### [RECORD EXCERPTS]
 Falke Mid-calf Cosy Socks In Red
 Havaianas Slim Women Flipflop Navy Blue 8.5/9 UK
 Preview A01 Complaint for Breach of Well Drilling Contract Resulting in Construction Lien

...

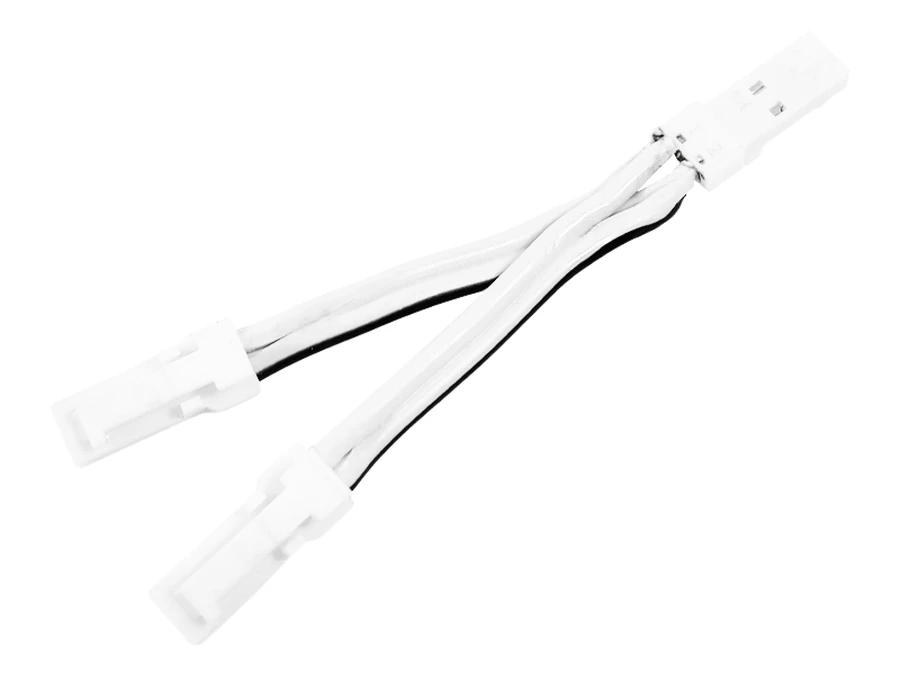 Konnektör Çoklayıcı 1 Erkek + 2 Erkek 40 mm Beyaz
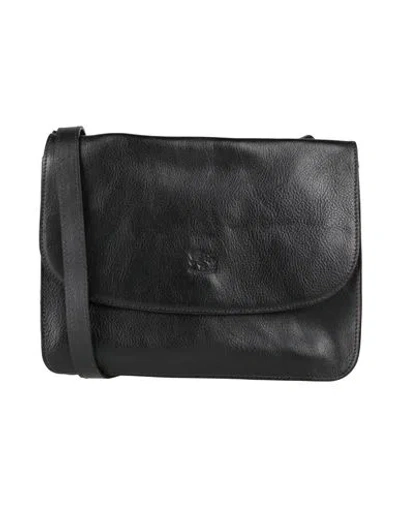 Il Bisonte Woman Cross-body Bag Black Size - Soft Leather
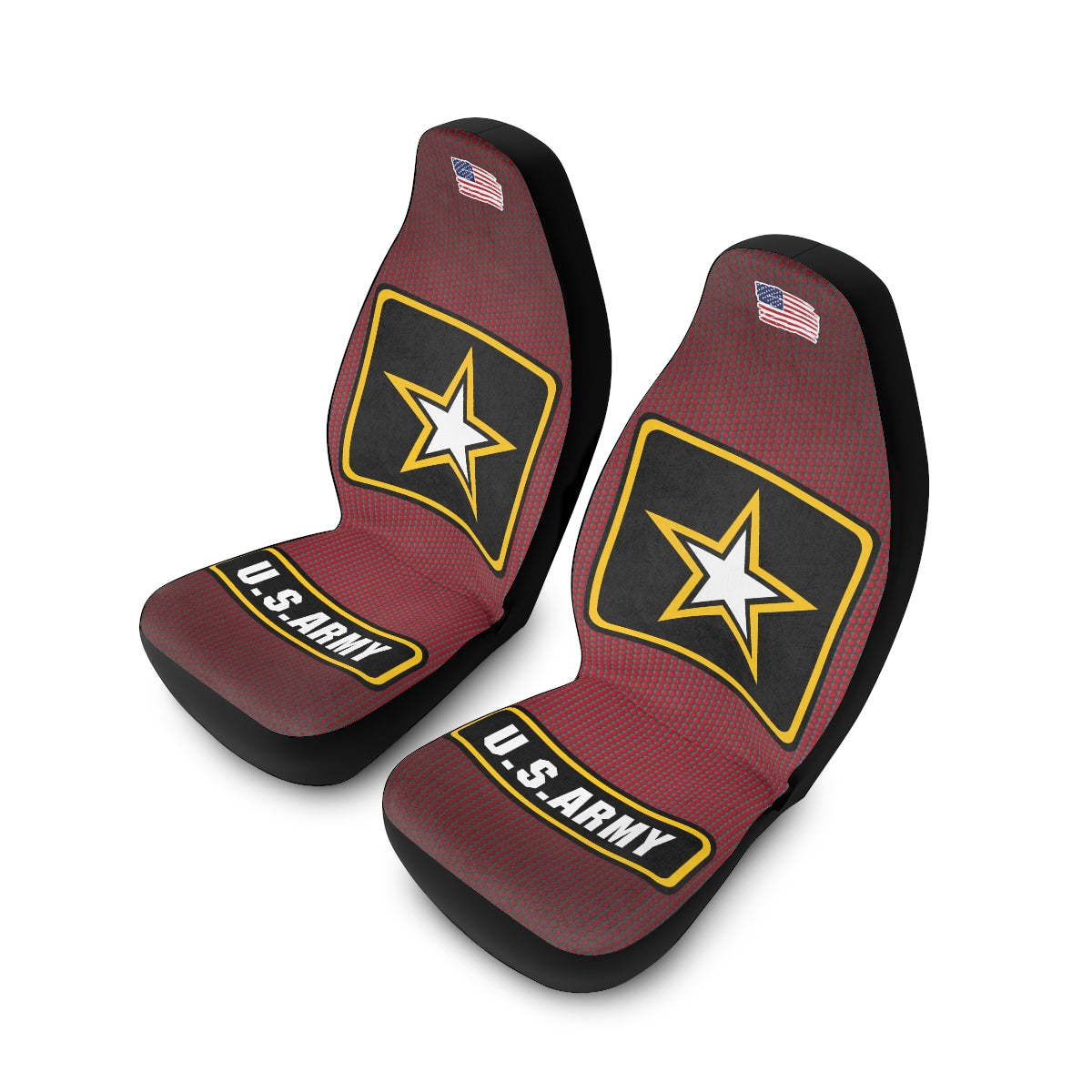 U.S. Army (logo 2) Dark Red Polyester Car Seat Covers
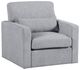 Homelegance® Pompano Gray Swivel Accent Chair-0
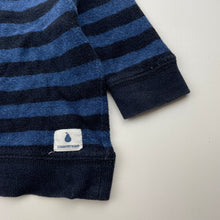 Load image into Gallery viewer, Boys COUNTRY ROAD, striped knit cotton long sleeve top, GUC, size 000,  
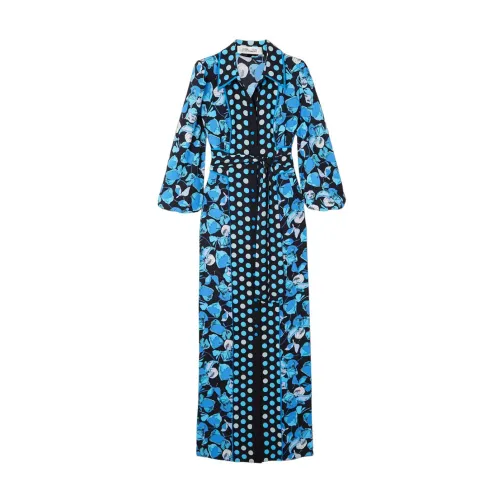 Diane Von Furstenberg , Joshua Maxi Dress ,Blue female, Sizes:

### [WHAT YOU HAVE TO DO]
Write out exactly the run of lines above that starts at the line containing "Konnektör Çoklayıcı 1" and ends at the line containing "Diane Von Furstenberg". Include both, and leave the pictures out.

### [TASK ANSWER]
 Konnektör Çoklayıcı 1 Erkek + 2 Erkek 40 mm Beyaz
 Il Bisonte Woman Cross-body Bag Black Size - Soft Leather
 U.S. Army (logo 2) Dark Red Polyester Car Seat Covers
 Homelegance® Pompano Gray Swivel Accent Chair-0
 Load image into Gallery viewer, Boys COUNTRY ROAD, striped knit cotton long sleeve top, GUC, size 000,  
 Diane Von Furstenberg , Joshua Maxi Dress ,Blue female, Sizes:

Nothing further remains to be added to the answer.